You can do a lot more with iron than you can with blocks (though if you want to build a breathtaking pyramid, you're probably as well sticking with blocks) but still at times you just can't do enough. It took me three years of writing code in Eiffel before I realised it just wasn't going to take me where I nedeed to go, which is depressing given that I already knew Smalltalk. In the end it was reading SICP that opened my eyes.
It's worth continuing the quote:
The organizing principles used are the same in both cases, except for one extraordinarily important difference: The discretionary exportable functionality entrusted to the individual Lisp programmer is more than an order of magnitude greater than that to be found within Pascal enterprises. [Alan Perlis, Foreword to SICP]
Discretionary exportable functionality is key — functionality such as the ability to compile and install code at run time, as I just mentioned.

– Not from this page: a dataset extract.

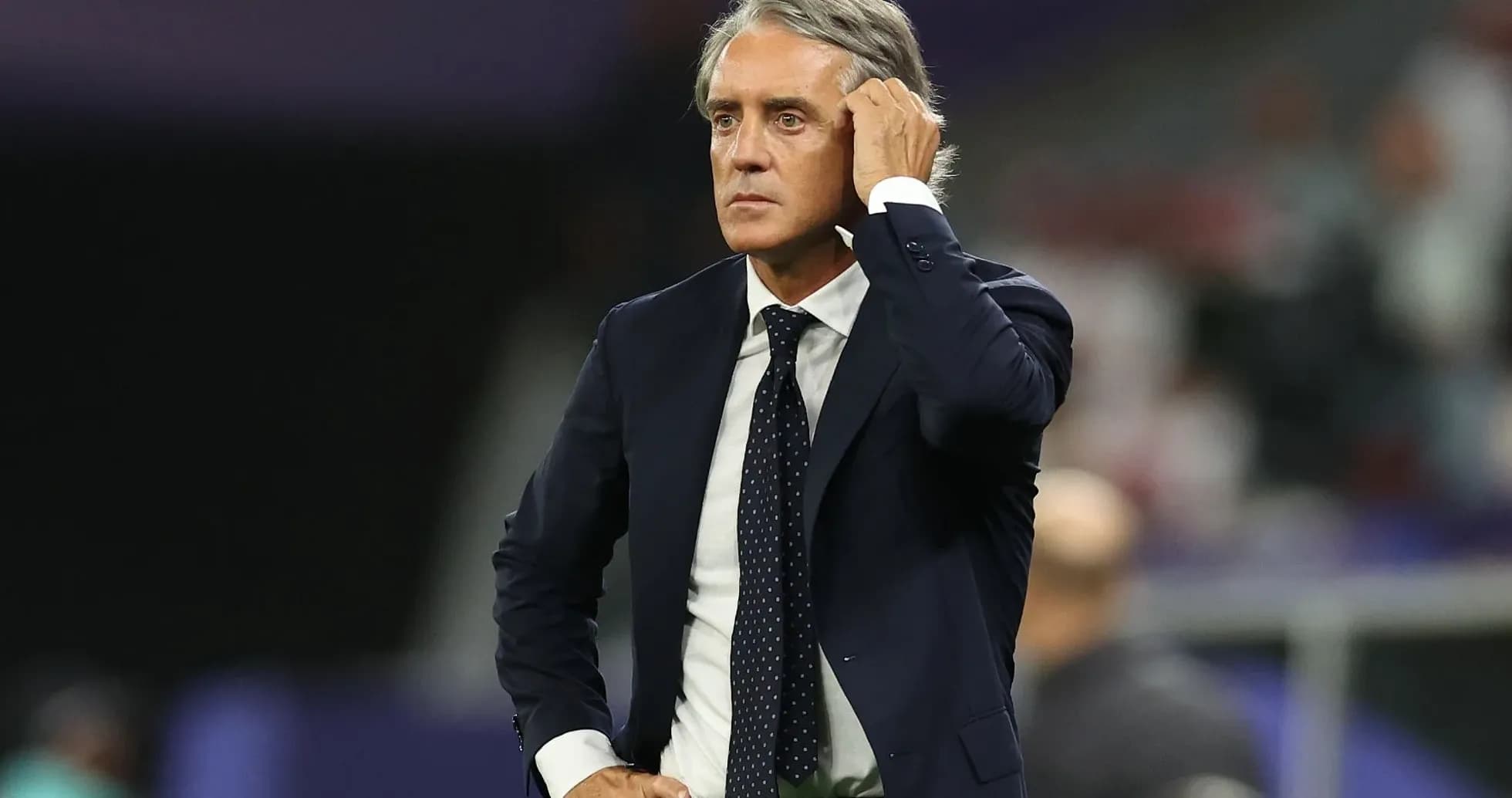 Coach observing match with hand on head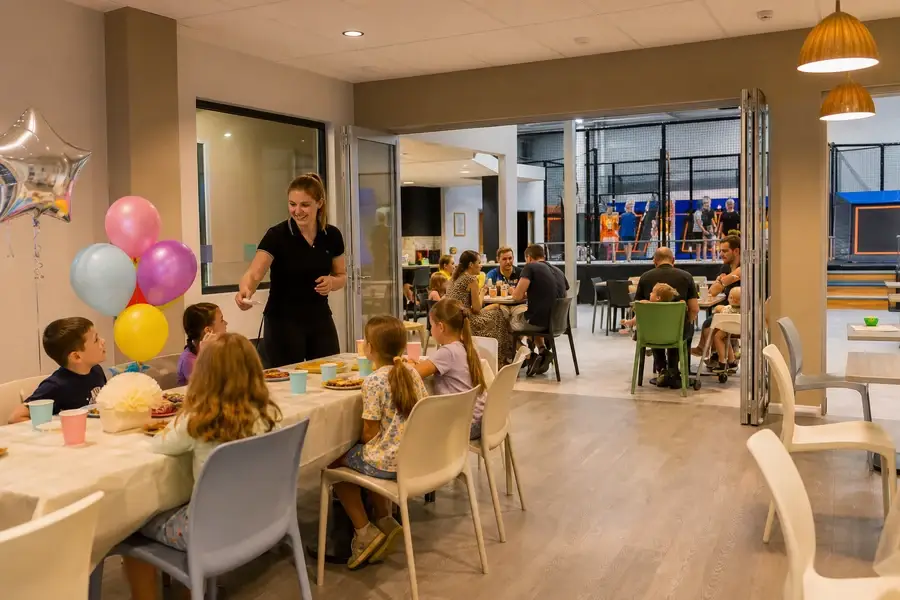 Birthday party room connected to cafe seating and a separated trampoline court in a family entertainment center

While non-Free licensing can get in the way a bit, it is only in languages like Lisp and Smalltalk that there is any hope of blurring the boundary between developer and user, and it is only when this is done that computers can hope to fulfill any significant fraction of their potential. This, of course, was one of the fundamental drivers for Smalltalk. Lisp supports it (in my interpretation) for the simple reason that, given that it is possible, it would be perverse to do otherwise.
There's a lot of perversity around.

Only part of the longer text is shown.